Clint thought I would share something I learned from an amazing video on you tube a while back that has been taken down since "The secret to keeping and turning plants red" was from ADU aquascaping and it had apparently been acknowledged by Tom Barr. Anthocyanin is what is responsible for the red coloration of the plants. If I remember right, light in red spectrum cannot be used efficiently by red plants and hi light will cause the plant to produce more anthocyanin as a type of sunscreen (maybe more blue spectrum would help? or maybe it was the other way around?). Also the faster the growth of the plants the more anthocyanin production and less it can photosynthesize or something like that. I will do some reading today and see if I can find most of the info that was in that video. I really wish it wasn't removed.

Found one article here is a blurb on the lighting. Looks like green and yellow spectrum are best suited for anthocyanin production and looks like UVB would be helpfull.

Anthocyanins in vivo absorb the green and yellow
wavebands of light, commonly between 500 and 600 nm
[20, 21, 22, 23, 24, 25]. Foliage appears red because of
the subtraction of yellow-green light from the spectrum
of light reflected from the leaf’s surface. Interestingly, the
amount of red light that is reflected from red leaves often
only poorly correlates to anthocyanin content [20]; leaf
morphology and the amount and distribution of chlorophyll
are apparently the stronger determinants of red re-
flectance. The property of anthocyanins to absorb light
provides a mechanism for several important functions in
leaves.

Here is the article: file: https://www.hindawi.com/journals/bmri/2004/415423/abs/ Click the "full text pdf." at the top right.

Dan


----------



## Greggz (May 19, 2008)

Dempsey said:


> I'm just glad that I am not the only one. I know that you can grow beautiful plants for that also makes me feel better. I am close to giving up soon also but don't think that I can... I may by some ADA soil and try growing in in a pot, in the tank and see what that does.

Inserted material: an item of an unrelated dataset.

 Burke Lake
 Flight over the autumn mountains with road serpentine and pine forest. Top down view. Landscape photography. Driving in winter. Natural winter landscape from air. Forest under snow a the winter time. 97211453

Clint I do have some hope. I was just looking over my tank, and the new growth on my AR mini looks as good as it ever has. I've been dosing the Burr custom micros for a few weeks, and it's possible it might be helping. I'll give it another couple weeks to see where this goes, and update in my journal when I get a better handle on it. I do know there has been a lot of talk in the past about micros and AR, mostly relating to the shape of the new leaves. Some people have noticed curling of leaves and stunting with too many micros, and they seem to flatten out when dosing lower.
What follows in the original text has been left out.